Dalencourt faced sanctions for two failures on Election Day, Nov. 4: he was not present at the polling place at 6:45 a.m. as the state board had directed following a similar violation in 2022, and the board held him responsible for the Elaine site not opening at 7:30 a.m. as required by law. The board had initially weighed a 14-year decertification for Dalencourt before reducing it to four years after objections from Dalencourt himself and from Commissioner James Harmon Smith.
Jasper's punishment was steeper, in part because he did not appear at his own hearing. Harmon Smith, who cast the lone vote against sanctioning Dalencourt, said he had no problem supporting Jasper's decertification after the poll worker did not show up. Charlie Morris, the state board's election administration supervisor, and Phillips County election monitor Alexi Thomas both corroborated the allegations against the two men. The board also issued letters of reprimand to other election workers for failing to fulfill their duties.

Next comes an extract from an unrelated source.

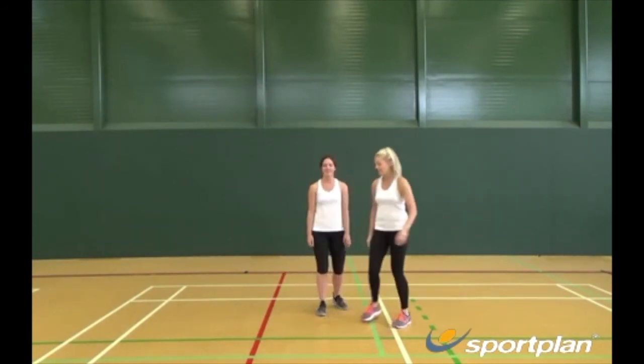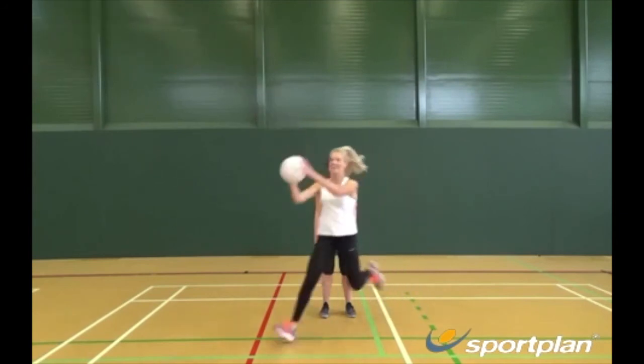Instead, you want to intercept the ball away from the attacker and cut the line of the ball. This will ensure you avoid contact.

The Nov. 4 problems were not the only complications Phillips County faced that election cycle. All 152 absentee ballots had to be duplicated because the county's voting machines could not process the creases in the paper from being folded and mailed, according to Phillips County Election Commission chairman Wayne Boals. A state board monitor helped county staff count and duplicate ballots through Nov. 10. Boals noted that the monitor did not observe anyone receiving the wrong ballot, which he called encouraging and an indication that whatever issues existed were corrected at that time.

Technological difficulties and strained working relationships among county officials had complicated Phillips County's compliance with state law, according to both Boals and a state board official identified in reports as Shults, whose full name and title could not be confirmed. State law requires county officials to electronically transmit vote totals to the Secretary of State immediately after calculating results, a responsibility held by the county election commissioners, the county clerk, or an agreement between them.
The state board also sent a monitor to neighboring Lee County after residents reported receiving incorrect or incomplete ballots during early and absentee voting. Shults said the board would review all observations that appeared to indicate something was incorrect about the election process and weigh the full context after the election. After an investigation, the board can issue warnings, fines, or other sanctions. Shults expected the board to investigate Lee County as well, though no formal vote on that step had been taken.
The Elaine failures echo complaints that stretch back to 2022, when the state board filed a formal complaint against the Phillips County Election Commission over ballot errors, polling locations that opened late, and the mixing of early votes and Election Day votes. The state board has now deployed election monitors to Phillips County during the current election cycle to observe operations directly.